I just reponded to your other request on having your period return. As for weaning... just do it slowly. Go down to 3 times a day, then 2, then 1. Then do it for 5 min. at a time, then 3, then 2.. etc. Pick your child's favorite time to nurse (at night, at morning.. whatever) and save this nurse time for the last one to go. I did this type of pattern and then my son would go a day or two between nursings. Then it was a week.. and then it was over. No big dramma (but he was 18 months and not as stubborn as he is now at 21 months). At 21 months you should also be able to discuss with the toddler that "nursing" (or whatever you call it) is going bye-bye and that he is a "big kid" now.
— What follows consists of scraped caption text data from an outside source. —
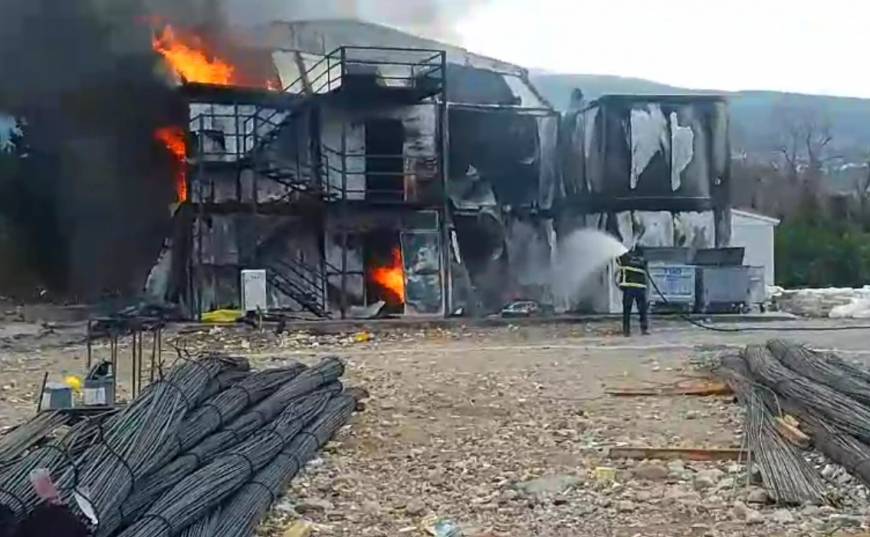 Hatay'da işçilerin kaldığı konteynerler yandı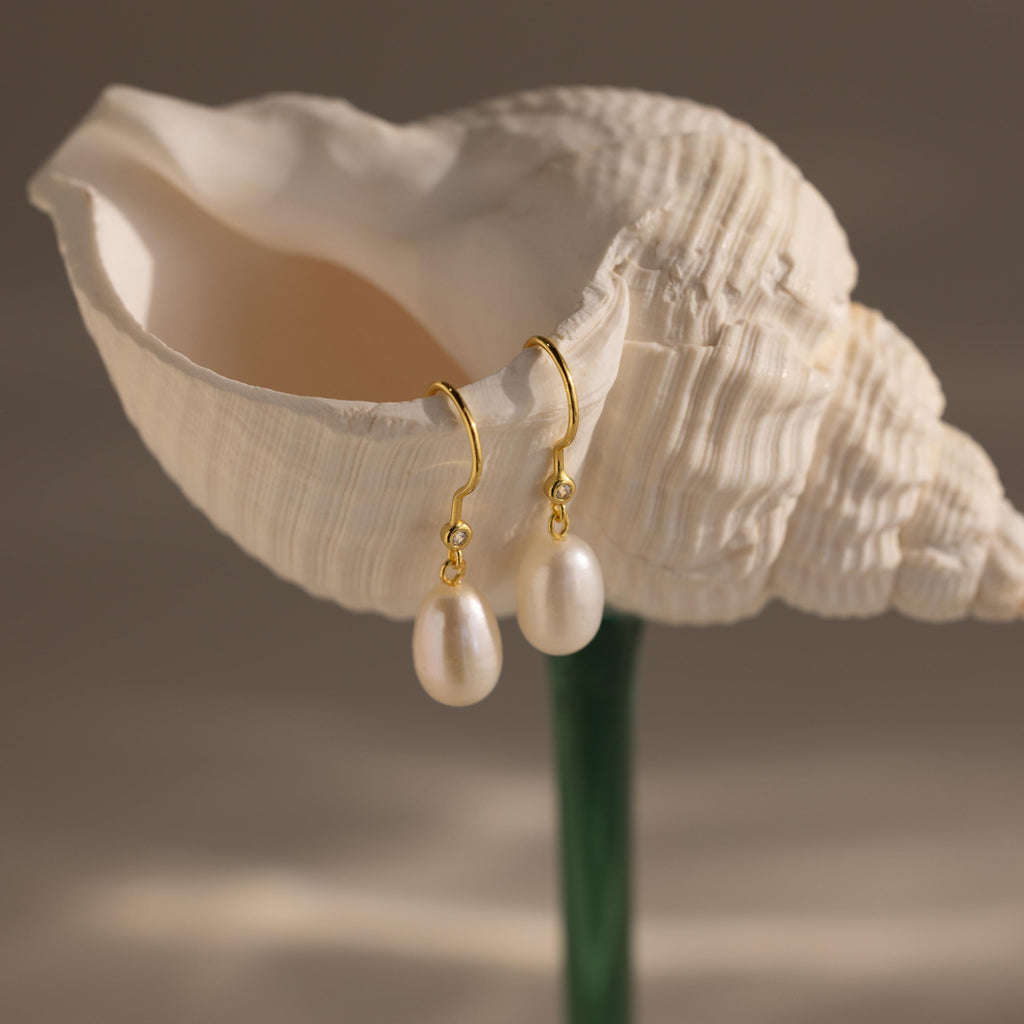 Dangling Pearl Diamond Earrings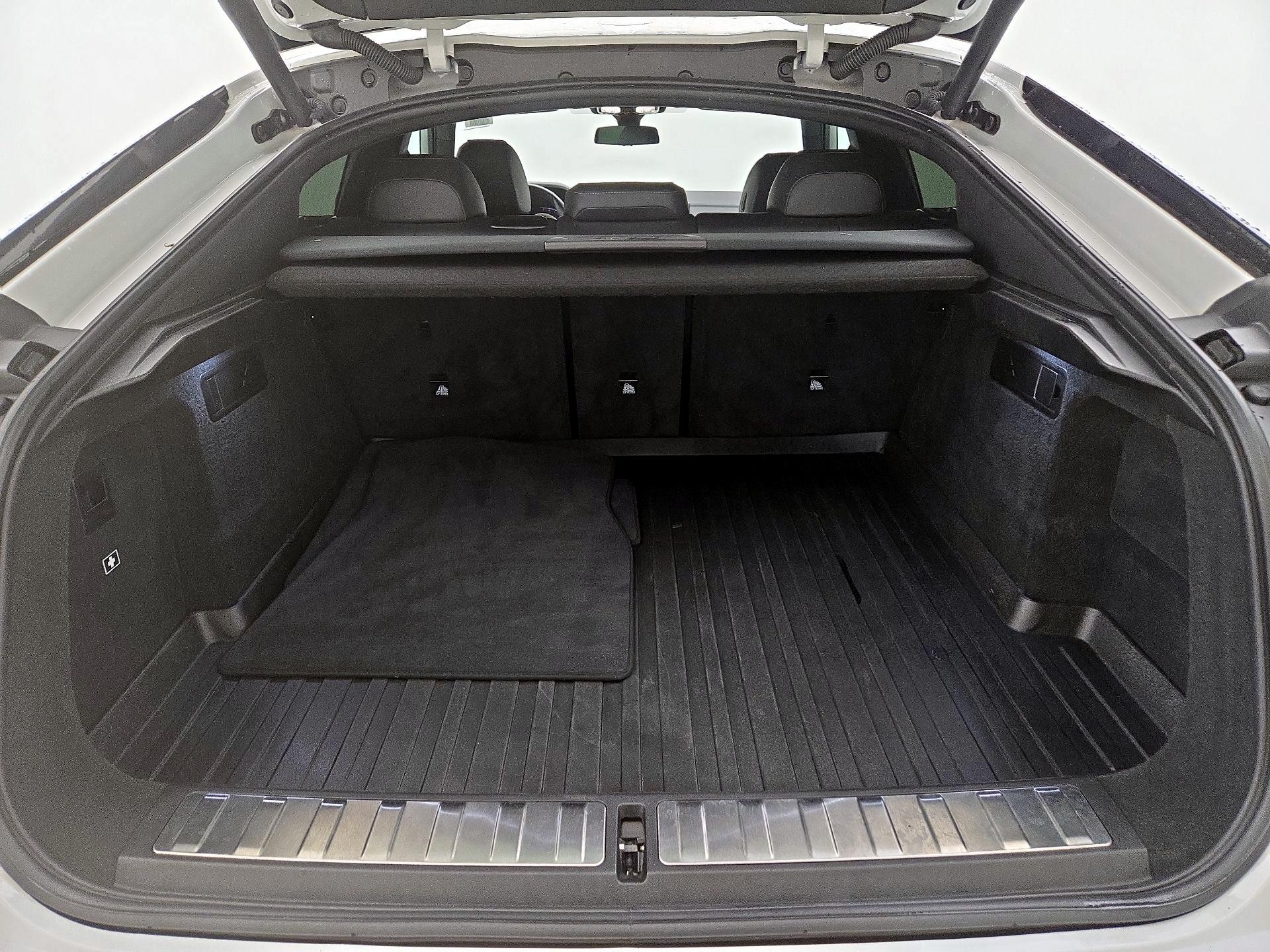 Thumbnail: 2023 BMW X6 - 19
My husband started to put my son to bed too that this changed routine was really helpful to drop the bedtime nursing. In the morning we still snuggle and he will occasionally talk about "nooing" and my "boos" but often he just wants to look or touch and then says "bye-bye". Honestly in the end, it was harder on me emotionally than on my boy. Good luck.. this is a hard one, but you can do it if you feel that the time is right for this next stage.

E.S.

answers from Fort Collins on

Your period probably won't return until after you wean your toddler. As long as you are nursing and you do not have a period, it is probably nothing to worry about. Once you wean, your period will return.

It is possible to get pregnant while nursing, but not probable. If you really want to get pregnant, you should wean your child, your period will return and you should be able to conceive.